### WHAT NEEDS TO BE DONE
The whole listing, pictures aside, should be reproduced exactly.

### COLLECTED DATA
┄┄┄┄┄┄┄┄┄┄┄┄┄┄┄┄┄┄┄┄

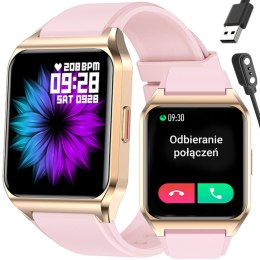 Rubicon SMARTWATCH UNISEX Rubicon RNCE89 - WYKONYWANIE POŁĄCZEŃ, WŁASNE TARCZE (sr035d)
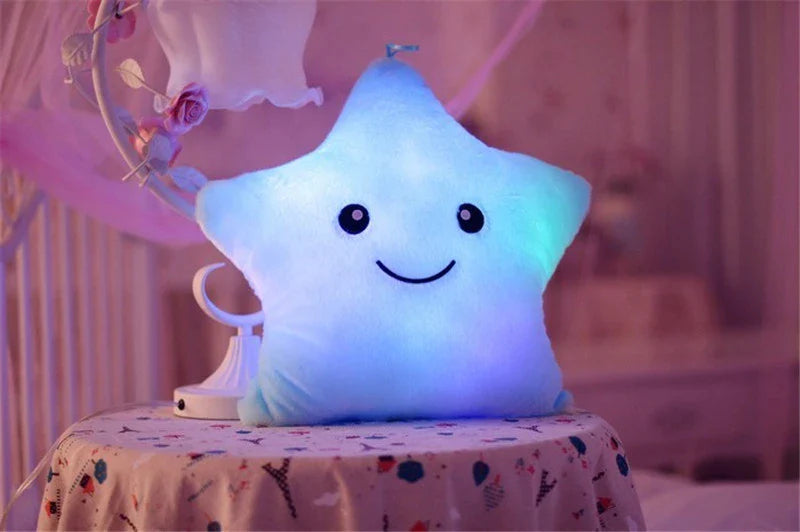 Glow Plush Star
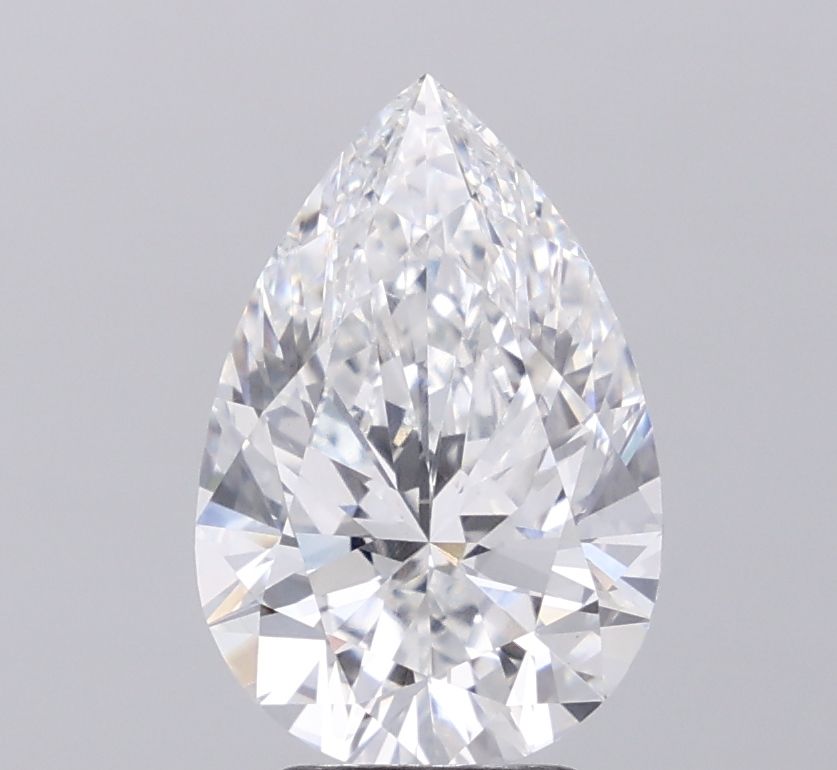 3.52 ct. pear Lab Grown Diamond front image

┄┄┄┄┄┄┄┄┄┄┄┄┄┄┄┄┄┄┄┄

### RESPONSE
 Rubicon SMARTWATCH UNISEX Rubicon RNCE89 - WYKONYWANIE POŁĄCZEŃ, WŁASNE TARCZE (sr035d)
 Glow Plush Star
 3.52 ct. pear Lab Grown Diamond front image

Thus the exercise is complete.